Klout scores, inactive followers, and Goodhart’s law

My friend Arlene Wszalek has written a blog post describing a “conundrum” facing users of Klout, a service which aims to quantify online influence by evaluating some 35 metrics related to Twitter and Facebook. Arlene lays out the problem: one factor Klout apparently considers is the proportion of your followers who are actively engaging with your profile or stream. But by using another service called ManageFlitter, Arlene determined that 27% of her followers are inactive, having not used Twitter in over a month. So her score may be being skewed downwards by that soft cap of followers that are active and could actually be reasonably expected to engage.

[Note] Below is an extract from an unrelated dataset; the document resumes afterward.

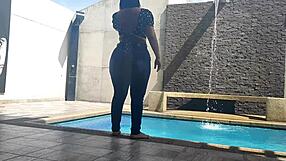 Escaping with my compadre's wife for secret blowjob fun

I actually don’t identify that situation as a problem. For one, Arlene’s measured 27% follower attrition rate could very well be standard throughout Twitter,1 and because Klout scores are basically numbered arbitrarily, “inflation” or “deflation” in this sense doesn’t matter. Put another way, Klout scores are no less useful for being absolutely lower, as long as the same factors are skewing everybody’s profile in the same direction. Of course, Klout may also identify the “bug” Arlene describes as a feature. After all, if 27% of your followers aren’t likely seeing your updates, shouldn’t that be reflected in a measure of your influence?

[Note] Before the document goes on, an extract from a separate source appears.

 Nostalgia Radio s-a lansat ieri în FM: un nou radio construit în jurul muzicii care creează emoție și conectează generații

As I see it, though, a real problem could arise based on the way Klout weighs the different factors that they measure against each other. Enough experimentation could tell you whether removing those 27% of followers would move the Klout score up or down. If the percentage of active followers is weighed more heavily than the absolute number of followers, then running an automated process to remove inactive followers could bump the score up a bit.

Right now, little rides on a person’s Klout, so there probably aren’t yet widespread efforts to subvert their ratings through tricks like that. But if we were to start seeing jobs, sponsorships, speaking engagements, or book deals offered on the basis of Klout scores, that could change — and when it changes, Goodhart’s law starts to kick in.2 According to that law, the “statistical regularity” of the behaviors Klout measures “will tend to collapse” under corrupting forces once “pressure is placed on it for control purposes.” In other words, users begin to game the scores and the numbers begin to lose their utility.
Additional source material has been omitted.